Mentre David guidava, Angela finì di truccarsi. Vedendo che era molto tesa, lui la rassicurò dicendole che era strepitosa e che tutto sarebbe andato bene. Entrambi rimasero colpiti dall’abitazione dei Wadley, meno grande della loro ma in condizioni sicuramente migliori e con un parco in perfetto ordine.
Quando Wadley li fece entrare, si accorsero che l’interno era ancora più bello: mobili di antiquariato, tappeti persiani, quadri del Diciannovesimo secolo.

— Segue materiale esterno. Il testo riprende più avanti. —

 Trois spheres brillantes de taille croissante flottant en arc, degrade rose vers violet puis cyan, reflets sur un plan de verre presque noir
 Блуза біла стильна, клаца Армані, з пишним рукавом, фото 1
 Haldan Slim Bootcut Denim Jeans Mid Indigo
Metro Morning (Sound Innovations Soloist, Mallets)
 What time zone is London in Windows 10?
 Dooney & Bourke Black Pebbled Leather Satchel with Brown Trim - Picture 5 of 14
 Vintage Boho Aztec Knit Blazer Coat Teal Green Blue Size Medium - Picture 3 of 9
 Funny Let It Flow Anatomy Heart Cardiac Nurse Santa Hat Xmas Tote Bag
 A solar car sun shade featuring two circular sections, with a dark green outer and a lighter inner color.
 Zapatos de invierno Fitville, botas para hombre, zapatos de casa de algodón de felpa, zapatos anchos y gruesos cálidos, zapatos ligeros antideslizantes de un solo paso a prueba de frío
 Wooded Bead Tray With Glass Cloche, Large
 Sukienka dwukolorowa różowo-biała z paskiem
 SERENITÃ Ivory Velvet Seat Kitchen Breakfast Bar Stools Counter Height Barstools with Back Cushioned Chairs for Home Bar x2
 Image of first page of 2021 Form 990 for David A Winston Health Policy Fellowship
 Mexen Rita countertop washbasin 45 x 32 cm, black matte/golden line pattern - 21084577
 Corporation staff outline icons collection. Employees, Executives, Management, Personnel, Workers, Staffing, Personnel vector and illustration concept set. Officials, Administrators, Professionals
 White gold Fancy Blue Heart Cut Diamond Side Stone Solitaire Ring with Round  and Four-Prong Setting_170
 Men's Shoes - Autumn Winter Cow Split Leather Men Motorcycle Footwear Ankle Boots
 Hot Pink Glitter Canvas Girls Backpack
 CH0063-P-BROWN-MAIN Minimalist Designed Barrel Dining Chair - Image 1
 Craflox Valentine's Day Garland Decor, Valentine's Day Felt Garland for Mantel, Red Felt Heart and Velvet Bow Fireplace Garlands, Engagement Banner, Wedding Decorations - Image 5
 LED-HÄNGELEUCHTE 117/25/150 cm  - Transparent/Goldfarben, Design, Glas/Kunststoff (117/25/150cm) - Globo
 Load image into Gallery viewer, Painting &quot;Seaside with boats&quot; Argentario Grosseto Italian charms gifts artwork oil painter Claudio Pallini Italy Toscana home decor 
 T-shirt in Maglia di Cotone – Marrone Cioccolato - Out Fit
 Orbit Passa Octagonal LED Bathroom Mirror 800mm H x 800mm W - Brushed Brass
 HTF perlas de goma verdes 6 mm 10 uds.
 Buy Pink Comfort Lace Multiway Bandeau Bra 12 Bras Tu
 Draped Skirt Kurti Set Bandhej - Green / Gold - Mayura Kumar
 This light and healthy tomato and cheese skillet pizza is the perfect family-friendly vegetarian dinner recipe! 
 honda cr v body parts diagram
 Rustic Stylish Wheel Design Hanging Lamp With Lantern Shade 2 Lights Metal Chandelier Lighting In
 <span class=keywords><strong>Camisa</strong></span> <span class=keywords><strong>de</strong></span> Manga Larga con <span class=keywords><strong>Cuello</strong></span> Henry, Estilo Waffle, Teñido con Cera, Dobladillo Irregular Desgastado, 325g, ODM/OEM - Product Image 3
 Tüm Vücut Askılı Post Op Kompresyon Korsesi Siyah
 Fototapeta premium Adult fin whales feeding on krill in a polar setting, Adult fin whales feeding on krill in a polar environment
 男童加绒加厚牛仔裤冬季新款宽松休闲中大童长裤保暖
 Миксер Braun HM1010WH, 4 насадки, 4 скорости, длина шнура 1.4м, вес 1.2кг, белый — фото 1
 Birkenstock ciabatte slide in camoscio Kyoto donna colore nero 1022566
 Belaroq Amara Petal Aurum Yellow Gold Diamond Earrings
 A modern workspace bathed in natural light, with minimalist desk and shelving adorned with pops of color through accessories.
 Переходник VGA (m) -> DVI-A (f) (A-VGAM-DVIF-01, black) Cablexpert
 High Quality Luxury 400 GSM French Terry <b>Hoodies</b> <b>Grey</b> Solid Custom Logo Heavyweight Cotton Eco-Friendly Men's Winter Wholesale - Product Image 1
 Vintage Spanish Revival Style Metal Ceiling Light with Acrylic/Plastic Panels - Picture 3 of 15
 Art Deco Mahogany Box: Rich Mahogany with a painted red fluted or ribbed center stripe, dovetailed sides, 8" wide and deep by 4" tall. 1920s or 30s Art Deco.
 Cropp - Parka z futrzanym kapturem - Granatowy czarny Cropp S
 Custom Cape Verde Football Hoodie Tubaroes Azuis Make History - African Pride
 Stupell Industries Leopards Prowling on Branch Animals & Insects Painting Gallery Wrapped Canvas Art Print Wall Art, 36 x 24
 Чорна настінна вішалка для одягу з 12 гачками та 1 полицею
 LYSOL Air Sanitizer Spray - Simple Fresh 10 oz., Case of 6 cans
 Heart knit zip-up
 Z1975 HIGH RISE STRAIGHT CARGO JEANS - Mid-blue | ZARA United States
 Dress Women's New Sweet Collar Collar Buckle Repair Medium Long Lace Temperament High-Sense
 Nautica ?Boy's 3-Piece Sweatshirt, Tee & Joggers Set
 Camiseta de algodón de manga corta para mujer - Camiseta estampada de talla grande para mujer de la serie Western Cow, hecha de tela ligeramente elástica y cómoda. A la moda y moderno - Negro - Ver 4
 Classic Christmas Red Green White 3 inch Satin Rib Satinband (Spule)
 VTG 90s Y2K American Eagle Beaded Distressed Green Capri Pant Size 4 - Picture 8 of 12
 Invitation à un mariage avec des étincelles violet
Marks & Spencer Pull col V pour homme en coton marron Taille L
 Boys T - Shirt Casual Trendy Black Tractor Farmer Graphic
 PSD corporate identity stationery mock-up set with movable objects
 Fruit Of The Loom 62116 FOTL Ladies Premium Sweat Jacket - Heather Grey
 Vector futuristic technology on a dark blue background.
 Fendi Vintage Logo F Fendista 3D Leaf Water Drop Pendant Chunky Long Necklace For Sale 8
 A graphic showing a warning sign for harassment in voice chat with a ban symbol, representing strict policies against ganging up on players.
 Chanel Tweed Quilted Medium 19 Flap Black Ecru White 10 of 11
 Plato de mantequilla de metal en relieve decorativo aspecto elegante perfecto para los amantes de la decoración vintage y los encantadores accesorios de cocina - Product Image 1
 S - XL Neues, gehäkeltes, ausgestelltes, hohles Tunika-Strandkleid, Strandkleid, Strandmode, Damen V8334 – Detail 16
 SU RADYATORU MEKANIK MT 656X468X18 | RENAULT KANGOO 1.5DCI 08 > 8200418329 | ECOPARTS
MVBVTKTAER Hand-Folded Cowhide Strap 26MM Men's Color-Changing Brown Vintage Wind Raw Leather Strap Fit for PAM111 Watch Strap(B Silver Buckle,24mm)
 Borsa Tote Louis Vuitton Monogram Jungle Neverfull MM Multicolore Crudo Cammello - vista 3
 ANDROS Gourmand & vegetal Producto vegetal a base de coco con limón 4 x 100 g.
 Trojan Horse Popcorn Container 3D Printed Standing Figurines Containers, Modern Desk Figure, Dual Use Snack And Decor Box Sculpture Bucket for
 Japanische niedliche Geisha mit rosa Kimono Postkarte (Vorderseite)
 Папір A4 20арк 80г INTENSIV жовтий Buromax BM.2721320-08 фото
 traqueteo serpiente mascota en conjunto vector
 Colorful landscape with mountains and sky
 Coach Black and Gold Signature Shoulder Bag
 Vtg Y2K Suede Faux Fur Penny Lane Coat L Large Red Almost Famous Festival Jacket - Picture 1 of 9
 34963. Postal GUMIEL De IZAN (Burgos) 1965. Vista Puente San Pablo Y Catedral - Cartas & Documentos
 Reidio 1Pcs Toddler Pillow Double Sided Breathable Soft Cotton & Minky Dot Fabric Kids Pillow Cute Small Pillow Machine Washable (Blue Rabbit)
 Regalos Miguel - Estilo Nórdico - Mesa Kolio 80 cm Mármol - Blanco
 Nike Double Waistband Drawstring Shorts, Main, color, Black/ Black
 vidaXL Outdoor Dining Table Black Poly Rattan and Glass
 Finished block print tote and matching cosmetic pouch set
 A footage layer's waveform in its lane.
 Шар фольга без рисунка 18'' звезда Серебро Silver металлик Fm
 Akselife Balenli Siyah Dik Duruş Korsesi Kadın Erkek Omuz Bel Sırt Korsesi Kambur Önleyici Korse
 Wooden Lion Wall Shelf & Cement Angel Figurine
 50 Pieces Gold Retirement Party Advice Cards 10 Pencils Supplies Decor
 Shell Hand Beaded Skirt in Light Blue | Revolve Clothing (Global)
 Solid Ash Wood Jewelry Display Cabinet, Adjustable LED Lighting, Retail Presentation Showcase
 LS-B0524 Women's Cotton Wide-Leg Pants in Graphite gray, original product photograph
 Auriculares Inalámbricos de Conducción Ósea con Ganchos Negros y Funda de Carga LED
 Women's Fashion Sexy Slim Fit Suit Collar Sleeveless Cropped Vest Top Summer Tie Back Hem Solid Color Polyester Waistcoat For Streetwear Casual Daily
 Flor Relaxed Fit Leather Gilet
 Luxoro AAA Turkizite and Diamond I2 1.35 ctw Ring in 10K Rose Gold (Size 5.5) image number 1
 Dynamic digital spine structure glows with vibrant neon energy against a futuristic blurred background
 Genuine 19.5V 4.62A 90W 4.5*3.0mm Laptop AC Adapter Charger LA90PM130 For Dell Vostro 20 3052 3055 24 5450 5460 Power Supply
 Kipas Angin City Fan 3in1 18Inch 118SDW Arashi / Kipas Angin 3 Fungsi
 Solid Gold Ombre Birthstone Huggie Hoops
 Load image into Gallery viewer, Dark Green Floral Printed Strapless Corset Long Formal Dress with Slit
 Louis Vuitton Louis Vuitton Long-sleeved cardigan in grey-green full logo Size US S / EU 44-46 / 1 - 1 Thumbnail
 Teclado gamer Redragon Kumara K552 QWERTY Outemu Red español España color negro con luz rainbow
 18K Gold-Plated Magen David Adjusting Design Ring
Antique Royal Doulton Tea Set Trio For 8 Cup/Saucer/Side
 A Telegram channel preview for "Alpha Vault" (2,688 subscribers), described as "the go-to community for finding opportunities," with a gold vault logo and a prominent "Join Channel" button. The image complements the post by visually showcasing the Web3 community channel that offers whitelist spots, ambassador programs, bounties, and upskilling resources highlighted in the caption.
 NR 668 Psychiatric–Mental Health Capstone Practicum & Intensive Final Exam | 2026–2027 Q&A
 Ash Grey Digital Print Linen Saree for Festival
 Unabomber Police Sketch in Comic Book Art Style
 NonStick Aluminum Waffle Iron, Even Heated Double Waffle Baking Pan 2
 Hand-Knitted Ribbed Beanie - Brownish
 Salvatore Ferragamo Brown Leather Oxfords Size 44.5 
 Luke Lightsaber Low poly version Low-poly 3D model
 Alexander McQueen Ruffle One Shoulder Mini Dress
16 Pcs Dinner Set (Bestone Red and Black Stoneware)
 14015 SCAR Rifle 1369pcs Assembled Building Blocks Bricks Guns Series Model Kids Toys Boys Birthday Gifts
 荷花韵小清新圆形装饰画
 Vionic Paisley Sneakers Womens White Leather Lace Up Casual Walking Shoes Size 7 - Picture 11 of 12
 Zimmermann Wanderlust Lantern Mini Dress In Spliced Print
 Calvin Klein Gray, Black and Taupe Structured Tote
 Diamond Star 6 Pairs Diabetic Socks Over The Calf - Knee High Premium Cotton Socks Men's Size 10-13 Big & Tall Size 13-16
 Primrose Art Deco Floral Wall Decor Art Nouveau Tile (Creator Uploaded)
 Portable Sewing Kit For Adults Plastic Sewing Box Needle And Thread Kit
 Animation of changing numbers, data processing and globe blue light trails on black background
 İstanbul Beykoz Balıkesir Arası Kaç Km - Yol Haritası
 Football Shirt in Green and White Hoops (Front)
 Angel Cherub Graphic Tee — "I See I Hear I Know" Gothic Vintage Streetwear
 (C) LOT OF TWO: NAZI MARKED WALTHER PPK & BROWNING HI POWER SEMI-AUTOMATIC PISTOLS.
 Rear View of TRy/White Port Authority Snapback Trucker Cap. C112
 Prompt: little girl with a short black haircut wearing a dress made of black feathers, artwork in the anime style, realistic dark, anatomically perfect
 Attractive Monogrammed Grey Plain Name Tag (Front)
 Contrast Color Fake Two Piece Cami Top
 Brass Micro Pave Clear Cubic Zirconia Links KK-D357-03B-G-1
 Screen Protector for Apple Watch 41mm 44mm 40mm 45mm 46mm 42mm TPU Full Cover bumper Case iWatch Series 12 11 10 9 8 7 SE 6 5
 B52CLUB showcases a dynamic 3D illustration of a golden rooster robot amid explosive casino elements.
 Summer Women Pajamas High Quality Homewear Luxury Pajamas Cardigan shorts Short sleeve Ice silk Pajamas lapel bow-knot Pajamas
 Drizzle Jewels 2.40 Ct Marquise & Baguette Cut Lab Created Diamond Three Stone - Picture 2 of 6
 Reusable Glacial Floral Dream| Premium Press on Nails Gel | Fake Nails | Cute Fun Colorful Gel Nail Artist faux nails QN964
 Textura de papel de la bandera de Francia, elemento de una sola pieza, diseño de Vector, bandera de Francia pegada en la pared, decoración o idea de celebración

Gertrude Wadley e il marito erano molto diversi, dando credito al detto popolare secondo cui «gli opposti si attraggono»: lei era una donna timida e riservata. Era come se fosse stata sopraffatta dalla forte personalità del marito.
La loro figlia adolescente, Cassandra, in principio sembrò più simile alla madre, ma durante la cena mostrò di assomigliare più al padre.
Comunque, fu Wadley a dominare la serata. Pontificò su un’infinità di argomenti ed era chiaro che stravedeva per Angela, dicendo che ringraziava il cielo perché adesso nella sua équipe c’era una persona così competente.
«Una cosa è certa», commentò David mentre ritornavano a casa, «l’hai conquistato. E non so proprio dargli torto.»
Lei gli si rannicchiò contro.
David riaccompagnò Karen e al suo ritorno trovò Angela che lo aspettava sulla soglia con una camicia da notte che non usava dai tempi della luna di miele.
«Mi sta meglio adesso che quando ero incinta, vero?» gli chiese lei.